Suzanne Aiardo et al., Appellants, v Town of East Greenbush et al., Respondents.

[*1] Crane, Parente & Cherubin, Albany (David M. Cherubin of counsel), for appellants.

Joseph B. Liccardi, Town Attorney, Rensselaer, for Town of East Greenbush and others, respondents.

McNamee, Lochner, Titus & Williams, P.C., Albany (Mathew P. Barry of counsel), for Stephanie Wacholder, respondent.

Kane, J. Appeal from an order of the Supreme Court (Donohue, J.), entered March 26, 2008 in Rensselaer County, which, among other things, granted defendants' motions to dismiss the complaint.

Plaintiffs and defendant Stephanie Wacholder are neighbors who own real property across the street from one another in the Town of East Greenbush, Rensselaer County. The Town owns a narrow triangular parcel (hereinafter the parcel) that abuts Wacholder's property and is across the street from plaintiffs' property. This parcel was deeded to the Town for park or recreational purposes but, because of its shape and topography, the Town has never used or improved it. Since purchasing her property in 1969, Wacholder has maintained a portion of the parcel nearest her property by raking, removing debris, trimming trees, landscaping and plowing snow. When she placed a shed on the parcel in 2004, the Town required her to move the shed to her own property. In 2005, she obtained a permit to blacktop her driveway. According to plaintiffs, the blacktop extends onto the parcel and connects her driveway with former tennis courts on the parcel, creating a parking lot on the parcel where Wacholder and her guests regularly park their vehicles. In 2006, Wacholder installed an underground sprinkler system on her property which intrudes onto the parcel. She also continued landscaping and tree-trimming [*2]projects. When plaintiffs complained to town officials, the Town obtained an affidavit wherein Wacholder disavowed any ownership interest in the parcel, acknowledging that it was owned by the Town.

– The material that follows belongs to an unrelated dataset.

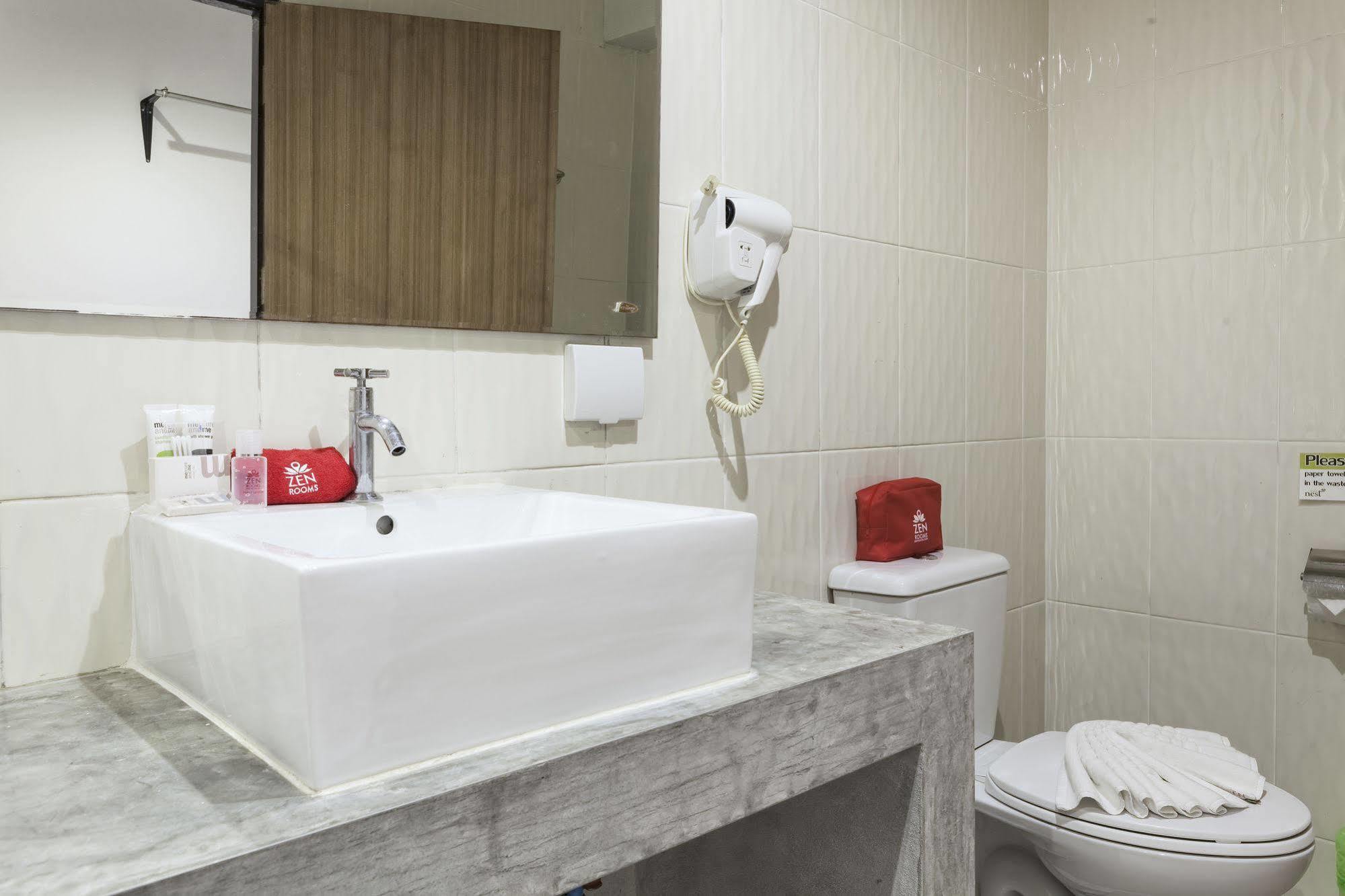 Zen Rooms Basic Nanai Phuket Patong Экстерьер фото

Not satisfied with the Town's response, plaintiffs commenced this action against Wacholder, the Town, Town Board and several town officials, seeking declaratory relief, to cease the allegedly illegal gift of town property to Wacholder and requiring her to remove all improvements. Defendants moved to dismiss the complaint or, alternatively, for summary judgment (see CPLR 3211 [a] [3], [7]; [c]). Plaintiffs cross-moved for summary judgment. Supreme Court granted defendants' motions to dismiss the complaint due to lack of standing and failure to state a cause of action. The court also denied plaintiffs' cross motion and declared that the Town has not bestowed a gift on Wacholder or violated any laws, nor has Wacholder taken public property. Plaintiffs appeal.

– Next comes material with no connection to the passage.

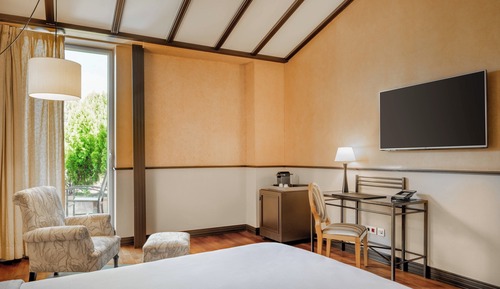 Habitación superior, 1 cama de matrimonio grande, no fumadores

Plaintiffs lack common-law standing to challenge Wacholder's actions as a misappropriation of public land. Standing is a threshold issue requiring "an actual legal stake in the outcome" of the action, namely "an injury in fact worthy and capable of judicial resolution" (Matter of La Barbera v Town of Woodstock, 29 AD3d 1054, 1055 [2006], lv dismissed 7 NY3d 844 [2006]; see Society of Plastics Indus. v County of Suffolk, 77 NY2d 761, 772-773 [1991]). Plaintiffs alleged that Wacholder misappropriated public land or unlawfully took public property for her personal use. If true, this is a wrong against the Town, not plaintiffs. Their status as town residents, taxpayers and neighbors of the parcel at issue does not, by itself, grant them standing to prosecute an action to raise a matter of public interest or vindicate the Town's rights (cf. Matter of La Barbera v Town of Woodstock, 29 AD3d at 1055-1056). The alteration of the view from their property also does not constitute an injury in fact, as plaintiffs would have the same view had the Town improved the parcel as a park. The Town's commissioner of public works averred that Wacholder's improvements to the parcel were consistent with what the Town would have done were it to take action to create a park. As such, plaintiffs did not suffer an injury in fact through defendants' actions (see id.).

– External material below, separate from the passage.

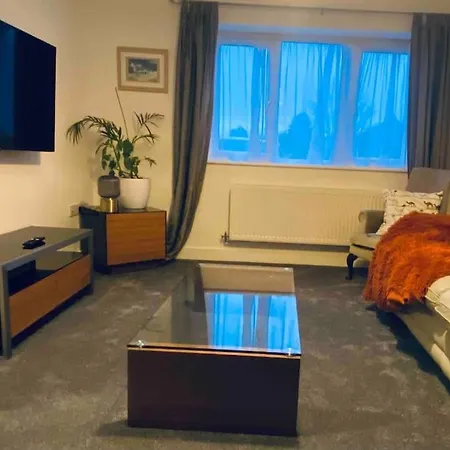 Luxury In Hanham בית נופש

Plaintiffs may have sufficiently alleged a cause of action under the gift or loan clause of the NY Constitution (see NY Const, art VIII, § 1; cf. 1982 Ops St Comp No. 82-62), but defendants were entitled to summary judgment dismissing that claim. Plaintiffs alleged that the Town essentially loaned its property to Wacholder or gave her an unrestricted right to use the property as a private parking lot, with no consideration paid by Wacholder, to the exclusion of all other citizens. While these allegations are sufficient to survive a motion to dismiss, the record evidence does not support the allegations. The Town did not affirmatively give or lend anything to plaintiffs; it remained passive, merely failing to react or complain when Wacholder encroached on unused town property in a minor way (compare 1982 Ops St Comp No. 82-62). The Town did take action by requiring Wacholder to remove her shed when it was placed on the parcel, and obtained an affidavit from Wacholder disclaiming any ownership interest in the parcel and acknowledging the Town's ownership. While Wacholder and her guests sometimes park on the part of the parcel that was former tennis courts, other citizens could apparently park on the portion of the parcel abutting the public roadway. The record does not indicate that parking on any part of public property violates any parking ordinances. Under the circumstances, the Town did not violate the NY Constitution's gift or loan clause. Dismissal of plaintiffs' constitutional cause of action is appropriate based upon the lack of record support. [*3]

While the complaint does not specifically cite General Municipal Law § 51, a generous reading of the allegations could include a potential cause of action under that statute. Taxpayers may proceed against a municipality or public officers under that statute "only when the acts complained of are fraudulent, or a waste of public property in the sense that they represent a use of public property or funds for entirely illegal purposes" (Kaskel v Impellitteri, 306 NY 73, 79 [1953], cert denied 347 US 934 [1954]; see Mesivta of Forest Hills Inst. v City of New York, 58 NY2d 1014, 1016 [1983]; Matter of Palmateer v Greene County Indus. Dev. Agency, 38 AD3d 1087, 1089 [2007]). Plaintiffs do not point to any fraud and no public funds were expended. Wacholder's improvements to the parcel were not for an entirely illegal purpose and did not waste public property; the Town had left the property unused and unimproved since obtaining possession of it, so neither parking on it nor improving its appearance constituted a waste. Accordingly, although plaintiffs may have standing to pursue a cause of action under General Municipal Law § 51, they failed to state a viable cause of action.

Because no property was conveyed or leased, and Wacholder affirmed that she has no ownership interest in the parcel, plaintiffs failed to state a cause of action alleging a violation of Town Law § 64 (2). We decline defendants' request to impose sanctions against plaintiffs (see 22 NYCRR 130-1.1 [a]).

Peters, J.P., Rose, Lahtinen and Kavanagh, JJ., concur. Ordered that the order is affirmed, without costs.